Saturday, December 17, 2011

Lottery tickets

One of the things I am finding this year that is making me feel both more integrated and more alien is lottery tickets.

These are ABSOLUTELY p.e.r.v.a.s.i.v.e in the culture here.  There are tickets for the lottery itself....the gordo at Christmas, which means the fat one.....the most coveted prize, but every single association gets the kids to sell lottery tickets, and lots of them.  We are at this point selling tickets for the basketball team, the weekly kids community group, Eldest's high school and the mountaineering group.  Actually, that is not the whole truth, because we're not selling mountaineering ones, we just bought a bunch of them.

You see - and this is the part that makes me feel alien to the culture - but just call me a puritanical type, but it seems odd for kids to be flogging lottery tickets.  Faintly Dickinsian.  So we don't ask the kids to sell them.  Also, as I work in the village, and so did the man when he had work, there is an extremely limited market from which we can buy.  EXTREMELY, as there are probably 200 kids in basketball, another 150 in the community centre, plus another 90 selling the high school tickets.....and then the mountaineering crowd.  Talk about saturated market.

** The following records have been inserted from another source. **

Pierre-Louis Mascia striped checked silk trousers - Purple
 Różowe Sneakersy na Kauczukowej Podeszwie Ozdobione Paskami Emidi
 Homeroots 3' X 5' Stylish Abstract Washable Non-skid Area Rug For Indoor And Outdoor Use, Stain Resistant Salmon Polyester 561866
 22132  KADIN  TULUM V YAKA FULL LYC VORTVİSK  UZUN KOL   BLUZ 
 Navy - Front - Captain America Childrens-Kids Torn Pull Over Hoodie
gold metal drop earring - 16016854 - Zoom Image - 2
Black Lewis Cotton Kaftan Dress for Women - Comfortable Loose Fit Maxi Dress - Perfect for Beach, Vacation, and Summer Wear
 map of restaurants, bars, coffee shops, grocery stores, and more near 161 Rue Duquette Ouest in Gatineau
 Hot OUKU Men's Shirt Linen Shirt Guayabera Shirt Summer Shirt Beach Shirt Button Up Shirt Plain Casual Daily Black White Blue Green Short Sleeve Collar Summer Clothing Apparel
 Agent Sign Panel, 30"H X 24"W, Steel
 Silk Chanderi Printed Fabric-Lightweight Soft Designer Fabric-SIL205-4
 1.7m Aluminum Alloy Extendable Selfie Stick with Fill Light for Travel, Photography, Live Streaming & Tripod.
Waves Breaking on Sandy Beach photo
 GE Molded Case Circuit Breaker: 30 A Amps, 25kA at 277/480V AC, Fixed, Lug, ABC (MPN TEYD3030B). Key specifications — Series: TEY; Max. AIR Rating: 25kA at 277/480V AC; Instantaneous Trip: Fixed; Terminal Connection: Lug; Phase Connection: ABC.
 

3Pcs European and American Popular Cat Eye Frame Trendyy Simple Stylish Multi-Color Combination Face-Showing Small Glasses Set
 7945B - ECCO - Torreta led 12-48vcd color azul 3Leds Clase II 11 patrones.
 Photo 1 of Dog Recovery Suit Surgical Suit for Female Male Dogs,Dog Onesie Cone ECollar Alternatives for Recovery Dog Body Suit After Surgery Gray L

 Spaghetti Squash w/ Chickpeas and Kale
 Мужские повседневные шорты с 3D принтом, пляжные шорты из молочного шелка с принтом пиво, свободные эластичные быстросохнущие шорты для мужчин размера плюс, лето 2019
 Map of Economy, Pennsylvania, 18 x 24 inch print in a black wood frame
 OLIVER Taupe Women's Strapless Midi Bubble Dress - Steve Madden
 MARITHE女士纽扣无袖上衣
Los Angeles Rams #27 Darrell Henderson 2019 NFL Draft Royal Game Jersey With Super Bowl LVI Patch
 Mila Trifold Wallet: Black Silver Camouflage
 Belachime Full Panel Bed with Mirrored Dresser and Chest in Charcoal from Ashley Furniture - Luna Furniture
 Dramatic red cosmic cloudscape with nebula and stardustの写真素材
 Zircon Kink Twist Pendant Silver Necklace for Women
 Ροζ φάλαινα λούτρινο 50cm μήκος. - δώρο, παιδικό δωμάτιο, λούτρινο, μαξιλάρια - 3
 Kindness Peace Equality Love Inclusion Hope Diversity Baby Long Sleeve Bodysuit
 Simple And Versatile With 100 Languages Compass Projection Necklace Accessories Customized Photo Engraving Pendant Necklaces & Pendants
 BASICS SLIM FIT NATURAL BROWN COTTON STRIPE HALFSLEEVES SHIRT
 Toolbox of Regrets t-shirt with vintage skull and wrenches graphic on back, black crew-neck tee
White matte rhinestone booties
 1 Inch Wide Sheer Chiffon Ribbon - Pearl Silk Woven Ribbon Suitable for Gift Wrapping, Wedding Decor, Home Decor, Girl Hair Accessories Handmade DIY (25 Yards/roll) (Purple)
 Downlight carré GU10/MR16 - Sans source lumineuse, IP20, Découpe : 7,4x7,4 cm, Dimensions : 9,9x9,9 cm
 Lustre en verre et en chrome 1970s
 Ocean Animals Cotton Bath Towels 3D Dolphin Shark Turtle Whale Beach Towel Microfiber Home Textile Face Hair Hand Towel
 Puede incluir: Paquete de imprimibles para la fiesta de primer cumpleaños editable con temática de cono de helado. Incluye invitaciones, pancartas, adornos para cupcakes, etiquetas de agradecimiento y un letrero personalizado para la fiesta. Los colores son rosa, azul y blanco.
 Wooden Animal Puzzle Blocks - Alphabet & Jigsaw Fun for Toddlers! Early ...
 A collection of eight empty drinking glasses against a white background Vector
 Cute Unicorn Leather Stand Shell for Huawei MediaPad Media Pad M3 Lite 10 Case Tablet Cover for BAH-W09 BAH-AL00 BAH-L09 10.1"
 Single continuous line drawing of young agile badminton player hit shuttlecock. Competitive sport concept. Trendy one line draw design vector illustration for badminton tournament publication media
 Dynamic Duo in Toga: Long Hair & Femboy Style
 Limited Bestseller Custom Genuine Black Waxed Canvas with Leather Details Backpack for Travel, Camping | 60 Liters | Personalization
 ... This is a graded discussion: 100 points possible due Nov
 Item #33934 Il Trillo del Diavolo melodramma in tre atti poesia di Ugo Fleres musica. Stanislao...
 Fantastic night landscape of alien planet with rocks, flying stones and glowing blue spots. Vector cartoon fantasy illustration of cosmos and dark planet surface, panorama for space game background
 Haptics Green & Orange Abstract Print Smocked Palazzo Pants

So, we buy them ourselves.  Almost all of them.  The ones for Eldest's school we are trying not to, as they go toward her end of year trip and the more we sell, the less we have to pay, so buying the tickets for those is WILDLY illogical.

Sometimes it is these weird little things that make you feel like a foreigner.

5 comments:

kate said...

Maybe you'll get lucky and win enough to recoup your losses!

thecatalanway said...

That's one thing I want to do now I'm back - buy some lottery tickets. shall I buy one of yours? But then we have to meet before the draw as it's not nice having to pay after you find out you didn't win. Good luck anyway!!! Kx

Beth said...

Used to have the kids sell to family and friends only - and then picked up the slack. Gets expensive & it never ends. Now I'm sponsoring sons, nieces and nephews for worthy, charitable causes.

Anonymous said...

I remember when the school was holding lotteries, and children were tasked to sell them. It usually ended up being bought by all the family around Christmas time... I always felt bad doing so.

oreneta said...

Kate, or I could win the GORDO!!!!

Kate, not sure we'll manage that in time......but I doubt you'll have trouble picking up a few.

Beth....really? They were selling lottery tickets? That sounds so WeIRD to me.

ElP...in France too, huh, I buy a LOT of tickets.